Re: [PATCH 00/23] proc: Introduce /proc/namespaces/ directory to expose namespaces lineary
From: Eric W. Biederman
Date: Mon Aug 17 2020 - 14:54:11 EST
Creating names in the kernel for namespaces is very difficult and
problematic. I have not seen anything that looks like all of the
problems have been solved with restoring these new names.
When your filter for your list of namespaces is user namespace creating
a new directory in proc is highly questionable.
As everyone uses proc placing this functionality in proc also amplifies
the problem of creating names.
Rather than proc having a way to mount a namespace filesystem filter by
the user namespace of the mounter likely to have many many fewer
problems. Especially as we are limiting/not allow new non-process
things and ideally finding a way to remove the non-process things.
Kirill you have a good point that taking the case where a pid namespace
does not exist in a user namespace is likely quite unrealistic.
Kirill mentioned upthread that the list of namespaces are the list that
can appear in a container. Except by discipline in creating containers
it is not possible to know which namespaces may appear in attached to a
process. It is possible to be very creative with setns, and violate any
constraint you may have. Which means your filtered list of namespaces
may not contain all of the namespaces used by a set of processes. This
further argues that attaching the list of namespaces to proc does not
make sense.
Andrei has a good point that placing the names in a hierarchy by
user namespace has the potential to create more freedom when
assigning names to namespaces, as it means the names for namespaces
do not need to be globally unique, and while still allowing the names
to stay the same.
To recap the possibilities for names for namespaces that I have seen
mentioned in this thread are:
- Names per mount
- Names per user namespace
I personally suspect that names per mount are likely to be so flexibly
they are confusing, while names per user namespace are likely to be
rigid, possibly too rigid to use.
It all depends upon how everything is used. I have yet to see a
complete story of how these names will be generated and used. So I can
not really judge.
Let me add another take on this idea that might give this work a path
forward. If I were solving this I would explore giving nsfs directories
per user namespace, and a way to mount it that exposed the directory of
the mounters current user namespace (something like btrfs snapshots).
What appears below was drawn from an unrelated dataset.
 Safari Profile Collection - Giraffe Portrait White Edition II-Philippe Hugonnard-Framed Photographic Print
Hmm. For the user namespace directory I think I would give it a file
"ns" that can be opened to get a file handle on the user namespace.
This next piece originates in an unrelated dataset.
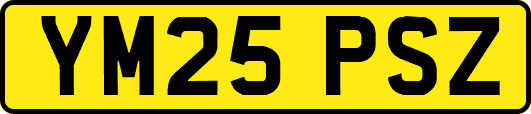 YM25PSZ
Plus a set of subdirectories "cgroup", "ipc", "mnt", "net", "pid",
"user", "uts") for each type of namespace. In each directory I think
I would just have a 64bit counter and each new entry I would assign the
next number from that counter.
The restore could either have the ability to rename files or simply the
ability to bump the counter (like we do with pids) so the names of the
namespaces can be restored.
That winds up making a user namespace the namespace of namespaces, so
I am not 100% about the idea.
Eric